▸ **THE PROBLEM**:
Each line from the one holding "Кресло офисное СН747 кожзам красный" to the last line below must be restated word for word, and no picture may be included.

▸ **EXERCISE DATA**:
+++++
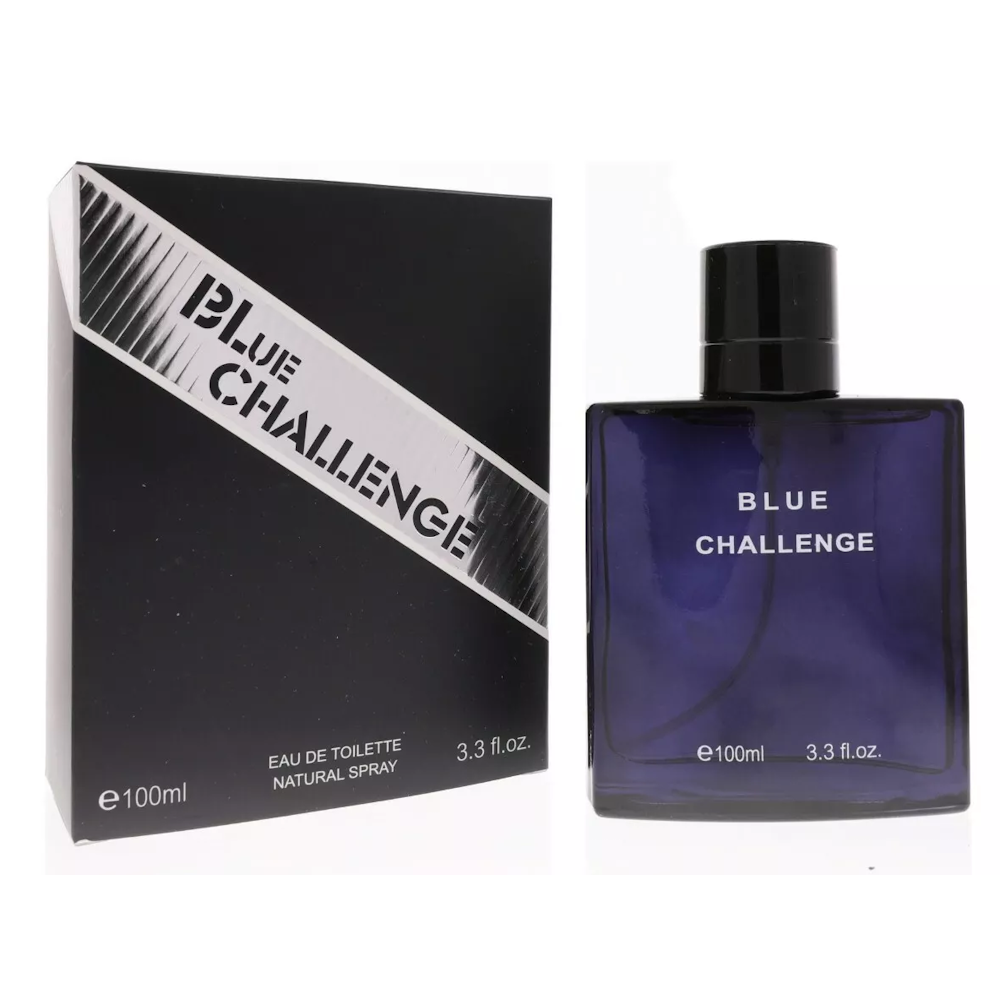 Dupe for Bleu De Chanel by Chanel - BLUE CHALLENGE 100mL EDT Spray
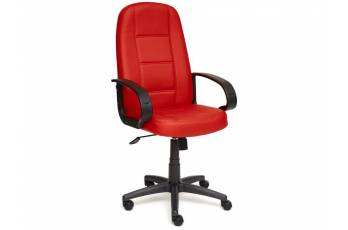 Кресло офисное СН747 кожзам красный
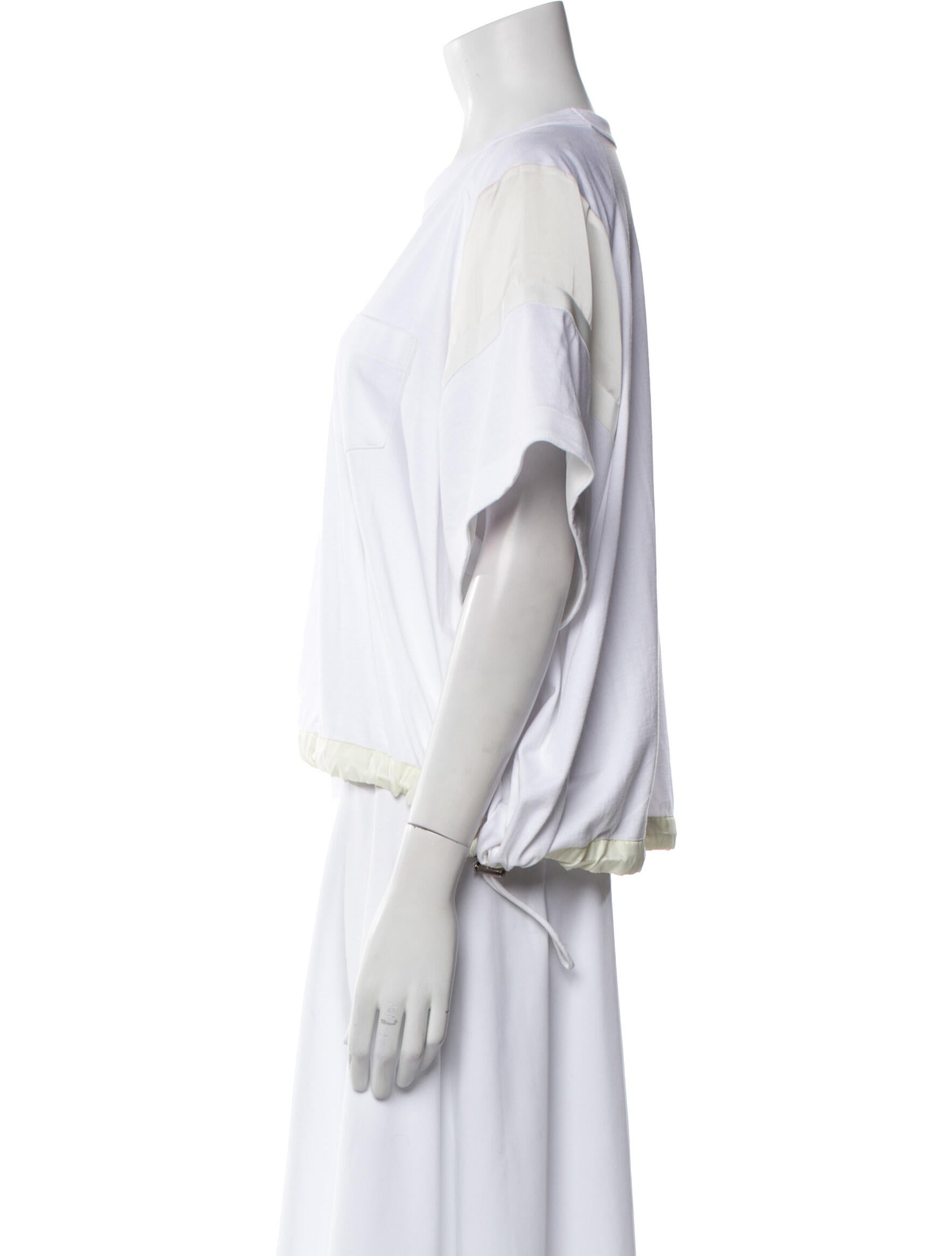 Sacai Crew Neck Short Sleeve T-Shirt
+++++
▸ **SOLUTION FOR THIS PROBLEM**:
 Кресло офисное СН747 кожзам красный
 Sacai Crew Neck Short Sleeve T-Shirt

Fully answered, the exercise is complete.